Unfortunately I have to record some new issues and confirm older ones:

If something wrong from one of the threads for GPU the program simply stops responding, stops outputting any hash rate,all GPUs get idle and the process does not stop: (there are no visible logs from halted GPUs and / or program errors.
Stale share ratio keeps staying 110% more than claymore's baseline.
Yet I cannot overclock GPU's at the same level of Claymore's thus keeping me below in hashrate of a good 10% (which is not compensated by the absence of a fee)

Here is a sample of 24hours round on Claymore's 10. 2018-01-19 ethermine

And here the situation after activation of ethminer on miner "Nostromo". See stale shares increase and instability. 2018-01-19 ethermine 01

Please let me know if I can help.

jean-m-cyr commented 6 years ago

@AndreaLanfranchi Yep. I totally screwed up and merged a bad commit. Something I pushed from the wrong machine!!! I've tried to correct the mistake with pull request #594 but too late for the nightly. :-( If you can build you can create the corrected version with

git clone https://github.com/ethereum-mining/ethminer.git
cd ethminer
git pull origin refs/pull/594/head
mkdir build
cd build
etc...

Once again. My apologies for messing up.

jean-m-cyr commented 6 years ago

If you are running windows you can get the fixed image at: https://ci.appveyor.com/api/buildjobs/bb99jn7wug4ri7sm/artifacts/build%2Fethminer-0.13.0.dev0-Windows.zip Unfortunately the ci build servers seem to be broken for Linux right now.

AndreaLanfranchi commented 6 years ago

Thank you for your work @jean-m-cyr I am already back to home right now. Will apply your suggestion tomorrow or (more likely) on Sunday. I appreciate your efforts.

Best

jean-m-cyr commented 6 years ago

@AndreaLanfranchi

Will apply your suggestion tomorrow or (more likely) on Sunday.

I don't even know what day of the week it is anymore! :-) Hopefully this will be back into the mainline by Sunday.

jean-m-cyr commented 6 years ago

@AndreaLanfranchi If it's any consolation, all of this restructuring and turmoil was necessary so that I can get to work on shortening the job switch time for cuda. It presently is excessively long and variable, sometimes reaching 150 ms. That's time wasted not searching for all GPUs.
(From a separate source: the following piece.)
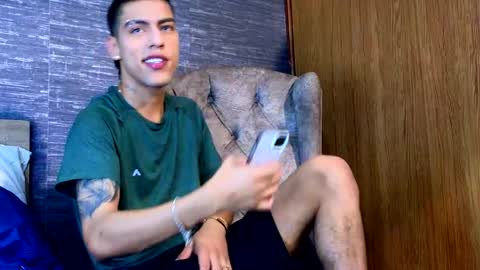 Snapshot of russell_adams_ chatting on 5, 2, 2025 R U S S E L L online show from 5, 2, 2025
We already made the path from the time we discover a solution till the time we send to the pool very light. Now I'd like to work at the other end, minimizing the time it takes for stratum to get the GPUs started on new work. Not only is this path slow, but it can interfere with the sending of solution. Cutting off the GPUs earlier from working on old jobs might reduce the share rate... who knows?

aleqx commented 6 years ago

@jean-m-cyr Many thanks for your work! It really is very appreciated, and I would like to donate. You should think about putting Paypal and ETH addresses for donation; yes, please do include Paypal, as too many folks want to hold on to their coins and are more willing to donate fiat instead.
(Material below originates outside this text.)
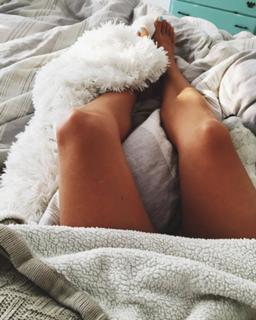 Daniella Monet feet photo thumbnail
I was also hit by this but am glad to see it's being worked on! I'm also very happy to hear you're reducing timings inside the code. 100s of ms is actually quite a lot and could mean less stale/rejected shares, especially given the rate at which some pools send you shares (it's sometimes 1-2 seconds, so 100ms is a good chunk).
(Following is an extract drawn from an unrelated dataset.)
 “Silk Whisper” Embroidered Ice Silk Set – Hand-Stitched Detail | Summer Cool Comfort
Also, could you please, PLEASE, PLEASE, code in some better failure and recovery routines (and watchdog) for when a GPU crashes. I'll move it later to a separate thread for this but here's what I mean (I use Nvidia by the way) - I'd love to get my hands dirty, do a pull and implement these myself in ethminer if I wasn't so busy with other things; I prefer to make a donation to you so you have an incentive to do it:

ethminer is by far my most problematic miner when it comes to GPU errors/crashes. It's not able to recover by itself, and what's worse is that sometime it doesn't even exit on errors. Other miners (e.g. for equihash) are far better at this and can restart the bad GPU via the driver or at least exit.
the Nvidia driver reports faults to the kernel as so called "Xid" errors. I'm monitoring the kernel output for these and then force a kill on the ethminer process and restart it. It doesn't work for all Xids though, as some need a driver restart too, but Nvidia, being Nvidia, is utterly pesky and doesn't provide command line tools to allow you to restart a single card if any other cards are being used; the tool they provide requires you to first stop all GPU processes running on any other card, then restart said single GPU, then restart your GPU app on each GPU. Ethminer could do this restart via CUDA and resume mining. The DSTM and Bminer miners do this on equihash and it's a much smoother mining experience.
I'd love it if ethminer had an option to NOT exit on a GPU error, but to keep mining with the other GPUs (just kill only that particular thread but keep the rest). Right now I start one ethminer process per GPU in order to achieve this, but it gets a little messy to monitor, especially on machines with lots of GPUs per motherboard.
in Linux, sometimes ethminer hangs completely in a zombie state, and can't be killed but still consumes a lot of CPU. This is even after unloading the nvidia driver. It's always after some GPU crashed.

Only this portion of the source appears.